Cats can have two kinds of pigment that color their fur. Eumelanin creates black, gray, and various shades of brown, while phaeomelanin creates orange and yellowish colors. For simplicity's sake, I'll refer to eumelanin as black and phaeomelanin as red for the remainder of the article.
As it turns out, there's one simple gene that determines whether a cat will produce black or red pigment, and it's located on the X chromosome. By convention, we refer to this gene as the O locus. "O" stands for red, and "o" stands for black, when we look at a cat's genotype. If a cat only has one copy of the gene (i.e., it's a male), we put a dash after the single letter.
Since this gene is on the X chromosome, male cats can only receive their pigment type from their mother. An all-red female cat would have the genotype OO, and all her sons would, therefore, be red, with the genotype O-, regardless of what color the father is. The same holds true for an all-black female.
A tortoiseshell cat has the genotype Oo, requiring two X chromosomes. Now, each cell will only make use of one X chromosome (and therefore only one of the Os), leaving the other inactive. Which X chromosome is inactivated is random, which is how torties end up with their distinctive mottled appearance. The cells that produce pigment for each hair will only produce either red or black, depending on which X chromosome was inactivated.
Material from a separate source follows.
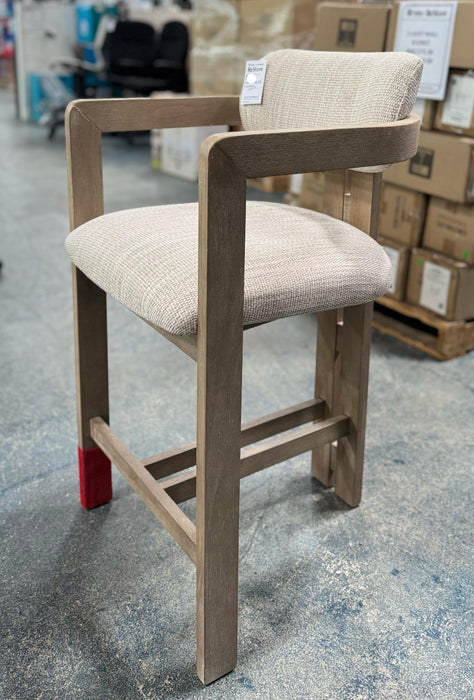 Wooden Bar Stool with Cushioned Seat and Backrest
This, then, is why a male cat is not usually going to be a tortoiseshell—because he will only have one X chromosome, and therefore can only produce one type of pigment. There are exceptions, of course, such as in the case of Kleinfelter's syndrome, in which a male cat will be XXY, and is usually sterile. The other case in which you could see a male tortoiseshell would be chimerism, which is when two fertilized eggs fuse, creating a cat that appears to be a mosaic of two different cats. A chimera male cat is usually fertile. Chimerism does not always result in a tortoiseshell appearance, though, and neither does Kleinfelter's syndrome.
Just as a practical example of how one can apply this knowledge, I'll take a look at some of my family's cats. Randa and Minka (shown in the cover photo) are sisters, and their mother was a rescued red tabby. Although we don't know what their father looked like, we can make some guesses, based on the fact that Minka and Randa are tortoiseshells. Their mother has the genotype OO, and can only pass on red, but the girls both have the genotype Oo, meaning their father cannot be red. As their mother could not contribute the black coloring, it has to come from their father—which means that he cannot be red. Exactly what his color and pattern was, we can't really guess, but we know that he had to at least be black or gray (the shades of brown are rare or nonexistent in our local street cats). Figuring out genetics is basically just one big logic puzzle!
*I should mention that everything I know about cat genetics I learned from the book Legacy of the Cat by Gloria Stephens, as well as the website Messybeast.